Silvio Heinevetter kann die Frage mittlerweile nicht mehr hören, und vielen seiner Teamkollegen geht es genauso. Deshalb hat der Torhüter der Füchse Berlin kürzlich einen Satz von sich gegeben, der in etwa erahnen lässt, was sie im Verein im Allgemeinen so halten von der laufenden Bundesliga-Saison: „Ich habe seit geraumer Zeit nicht mehr auf die Tabelle geschaut.“ Andernfalls wäre Heinevetter noch einmal schwarz auf weiß vor Augen geführt worden, was quasi Gewissheit ist: Nach einer durchwachsenen Spielzeit werden sich die Berliner zum ersten Mal seit Jahren nicht auf direktem Weg über die Bundesliga für den Europapokal qualifizieren, sondern bestenfalls über den DHB- respektive EHF-Pokal. Selbst ein Sieg im heutigen Heimspiel gegen Bietigheim (19 Uhr, Max-Schmeling-Halle) dürfte daran nichts ändern. Der Aufsteiger aus dem Schwabenland ist übrigens – kleiner Hinweis für Silvio Heinevetter – abgeschlagener Tabellenletzter.

So gesehen überrascht es nicht, dass sich die Berliner am heutigen Tag zunächst mit anderen Gegnern als jenem aus Bietigheim werden beschäftigen müssen. Vor dem Anpfiff des Bundesliga-Spiels findet die Auslosung für das Finalturnier im EHF-Cup statt, das am Wochenende 16./17. Mai in Berlin ausgetragen wird. Im Lostopf befinden sich neben dem alten Lieblingsrivalen HSV Handball der dänische Vertreter Skjern HB sowie Gorenje Velenje aus Slowenien. Bis zum Halbfinale im DHB-Pokal am 9. Mai gegen Magdeburg ist es das vorläufig letzte Pflichtspiel der Füchse, weil der Klub seine Auswahlspieler danach für Nationalmannschaftslehrgänge und die anstehende EM-Qualifikation abstellen muss.

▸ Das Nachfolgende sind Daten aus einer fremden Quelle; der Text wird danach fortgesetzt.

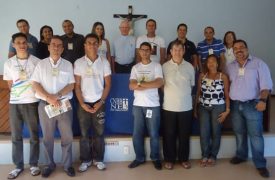 Pascomba2012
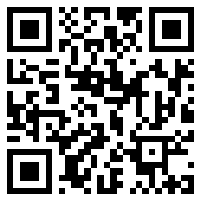QR Code for 123R2D7HTuqw84njmWaFsHiCErHvuwrjHd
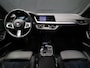 BMW 2-serie Gran Coupé 218i M Sport [SCHUIFKANTELDAK, APPLE CARPLAY, ANDROID, LEDEREN SPORTSTOELEN, STOELVERWARMING, CAMERA, CRUISE, CLIMATE, NIEUWSTAAT]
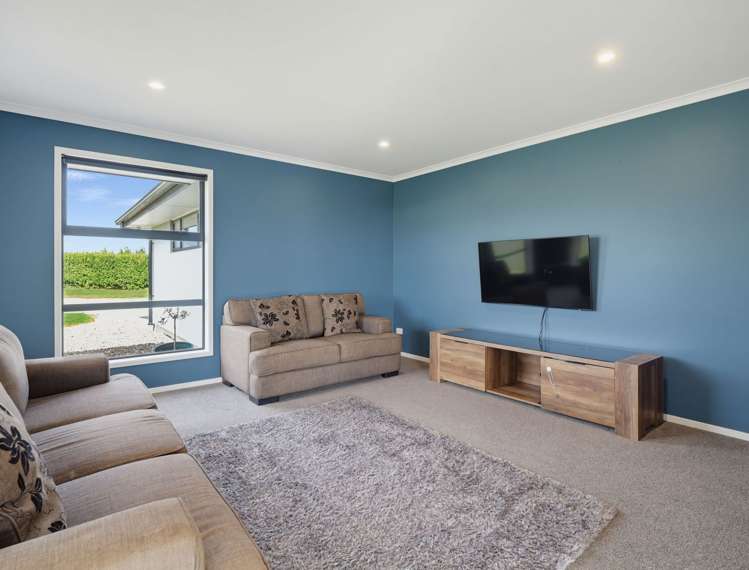 283A Kimberley Road Levin_13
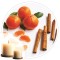 Essência Mandarine Canelle Pv 50ml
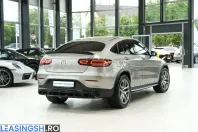 Mercedes-Benz GLC 63 AMG (Clasa GLC) din 2023 cu 18.184 km - oferta MER215299 - foto 7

Ist es in dieser Phase nicht enorm schwierig, den Kader für derart belanglose Begegnungen wie gegen Bietigheim zu motivieren und bei Laune zu halten, zumal erfahrene Kräfte wie Konstantin Igropulo, Iker Romero, Evgeni Pevnov oder Petar Nenadic den Verein am Saisonende verlassen? Trainer Dagur Sigurdsson bestreitet diesen Verdacht mit Nachdruck. „Im Gegenteil: Es hilft sogar, dass wir zwei große Finalturniere vor den Augen haben“, sagt der Isländer. „Alle wollen zu diesem Zeitpunkt fit sein, wollen Spielanteile bekommen“, ergänzt der Trainer, „deshalb muss jeder bis zum Schluss mitziehen.“ Neben dem üblichen Anspruchsdenken eines hauptberuflichen Trainers steckt hinter Sigurdssons Aussagen in allererster Linie der Wunsch, seine sechste und letzte Saison bei den Füchsen mit einem weiteren Titel zu veredeln. Ab Sommer arbeitet der 42-Jährige nach sechs Jahren in Berlin bekanntlich nur noch als deutscher Nationaltrainer.

Um seinem Wunsch entsprechen zu können, sollten sich die Berliner schleunigst von den Leistungsschwankungen verabschieden, die sie seit Monaten begleiten. „Wir sind schon weiter als noch in der Hinrunde“, sagt Sigurdsson, „aber wir haben trotzdem noch regelmäßig schlechte Phasen drin – das darf uns einfach nicht passieren.“ Andernfalls droht tatsächlich eine Saison ohne Europapokalteilnahme. Es wäre ein trauriges Ende der Ära Sigurdsson.